◆ **Goal of the exercise**
Reproduce from the records below, with no pictures, exactly the lines between the one containing "REEF SwellSole Neptune" and the one containing "SY155W Excavator suppliers", inclusive.

◆ **Data for analysis**

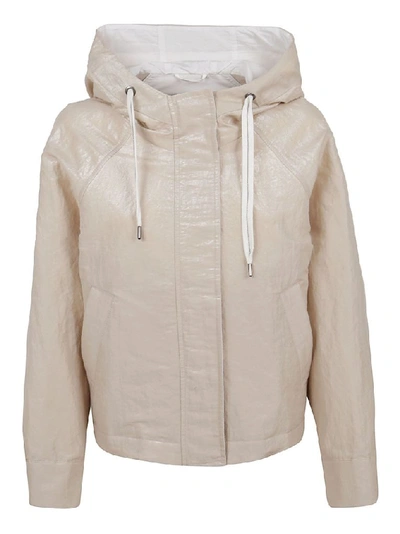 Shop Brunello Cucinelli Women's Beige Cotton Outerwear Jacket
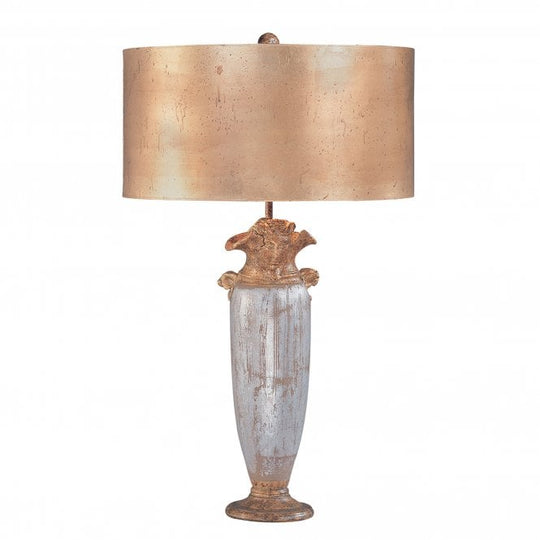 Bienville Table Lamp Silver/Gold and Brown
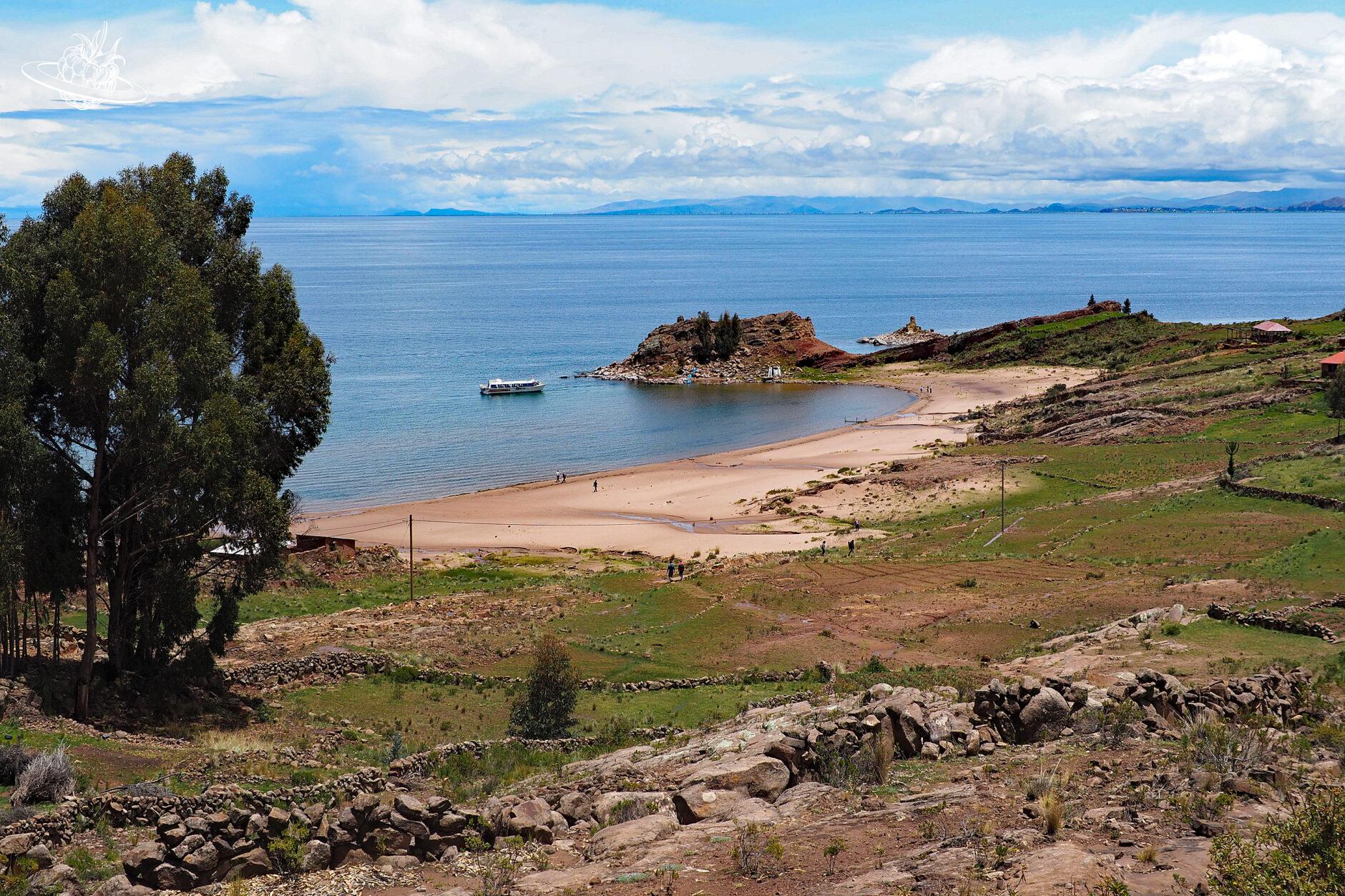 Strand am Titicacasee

==

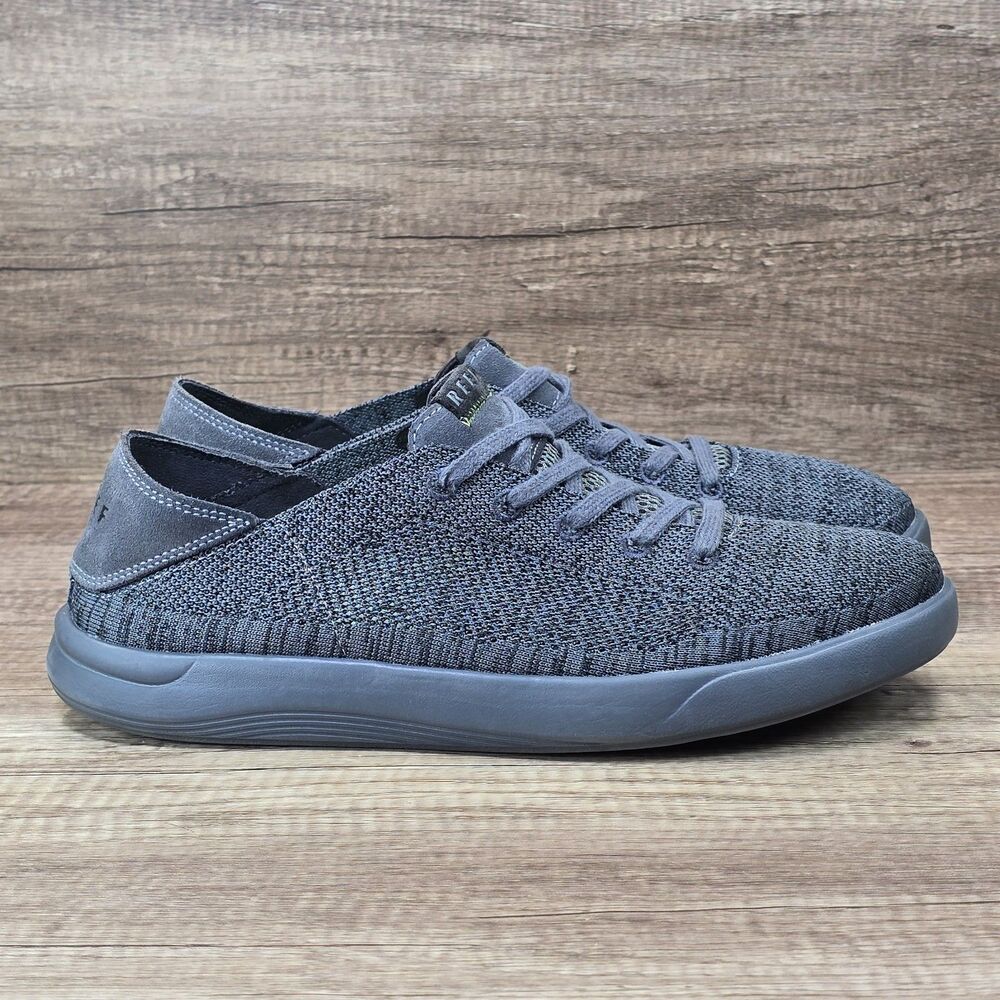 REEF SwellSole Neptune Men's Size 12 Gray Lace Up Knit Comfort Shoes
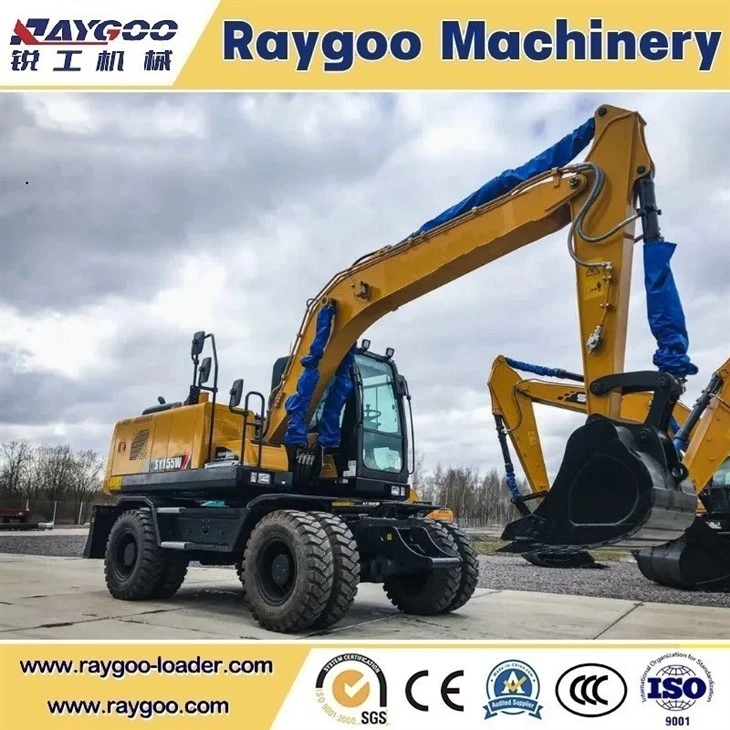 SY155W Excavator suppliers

...

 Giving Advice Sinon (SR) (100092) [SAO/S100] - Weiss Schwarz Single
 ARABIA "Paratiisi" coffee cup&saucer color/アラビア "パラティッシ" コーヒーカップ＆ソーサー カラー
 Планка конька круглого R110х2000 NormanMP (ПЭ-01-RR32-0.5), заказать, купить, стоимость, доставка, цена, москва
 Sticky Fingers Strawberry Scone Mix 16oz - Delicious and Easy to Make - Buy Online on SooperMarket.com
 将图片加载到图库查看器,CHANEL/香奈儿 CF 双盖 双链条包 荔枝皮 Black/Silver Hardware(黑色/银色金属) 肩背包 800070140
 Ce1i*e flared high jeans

◆ **Answer section**
 REEF SwellSole Neptune Men's Size 12 Gray Lace Up Knit Comfort Shoes
 SY155W Excavator suppliers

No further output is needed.